Трактор останавливается. С напускной неохотой Лапшин подходит к саням.
— Ну, что там? — капризно говорит он.
На его лице все еще сохранились остатки обиженности.
Но в руках у него припасена жестяная кружка. Калинкин, плеснув в нее из темной бутылки, коротко бросает:
— Глотни.
Лапшин, делая вид, что только подчиняется приказу, выплескивает в свою пасть спирт, бросает туда же пару щепоток снега. Продышавшись, говорит:
— Сильна!
И, покашливая, идет на свое место.
Следующая очередь — моя… Спирт, один-единственный глоток спирта. Он обжигает десны и нёбо. И холодный снег, не имеющий никакого вкуса. Затем мы уговариваем Валентинку выпить.
Кивнув подбородком на Шелепова (руки у него заняты бутылкой и кружкой), Калинкин спрашивает:
— А как на это дело посмотрит медицина?
Но Валентинка, все еще не продышавшись, только трясет ладошкой, будто обожглась. Калинкин шагает к Шелепову. Потом отдает команду Лапшину:
— Трогай!
И снова гул, колыхание саней, голубые лучи на белом снегу. Так идет эта ночь. Эта длинная ночь. Нас заметает снежной пылью. Мы бежим позади саней, и нас заносит снегом. Мы проваливаемся в снег. А потом пьем по глотку спирта. Широкий Лапшин сидит и не колышется. Валентинка засыпает, а мы ее будим, теребим, тормошим, что-то кричим ей, а она бормочет: «Отстаньте».
Снег. Повсюду снег. Сверху и снизу. Снег со всех сторон. Наконец-то небо светлеет, становится мутным, прозрачным, сетчатым. Светает. Выезжаем на твердую дорогу. Близко город. Мы видим город сквозь снежную сетку. Лапшин включает четвертую скорость. Мы с Калинкиным встаем. Придерживаем друг друга за плечи. Валентинка разговаривает с Шелеповым.
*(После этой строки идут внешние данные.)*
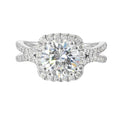 14Kt White Semi Mount 1/2Ctw For 2Ctw Round Center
Проплывают мимо первые окраинные домики. Дома все чаще и все гуще. Город уже проснулся. Теплятся желтым светом окна домов. По тропинкам спешат пешеходы. Гул трактора становится глуше. Или так кажется в городе? Подъезжаем к приземистому зданию. Главный вход ярко освещен. Больница. Валентинка, не дожидаясь, пока Лапшин как следует развернет машину с санями, спрыгивает, бежит в здание и через минутку выбегает оттуда с санитарками, такими же курносыми и молоденькими. Они что-то кричат и волокут носилки. И тогда мы с Калинкиным говорим:
— Брысь!
И, пошатываясь, переносим из саней, из захлестнутых снежной пылью саней Шелепова и осторожно укладываем его на брезентовые носилки. Вокруг нас, словно снежные королевы, носятся курносые красавицы в белых халатах. Мы говорим им:
— Позвольте!
И они расступаются. Мы проносим Шелепова туда, куда его надо пронести. А затем, шатаясь, уходим. Затем мы оказываемся в каком-то кабинете. В нем тепло и сухо. На белом письменном столе телефон. Я опускаюсь на клеенчатый диван — холодный и липкий больничный диван. Говорю телефонистке номер. Долго не отвечают. Наконец — хриплый прокуренный голос:
— Эге?
Сам редактор нашей районной газеты. Я кричу в трубку:
— Иван Михайлович, это вы?
Мне кажется, что я кричу громко. Но он переспрашивает:
— Эге? Что?
— Иван Михайлович, — кричу я, — примите информацию!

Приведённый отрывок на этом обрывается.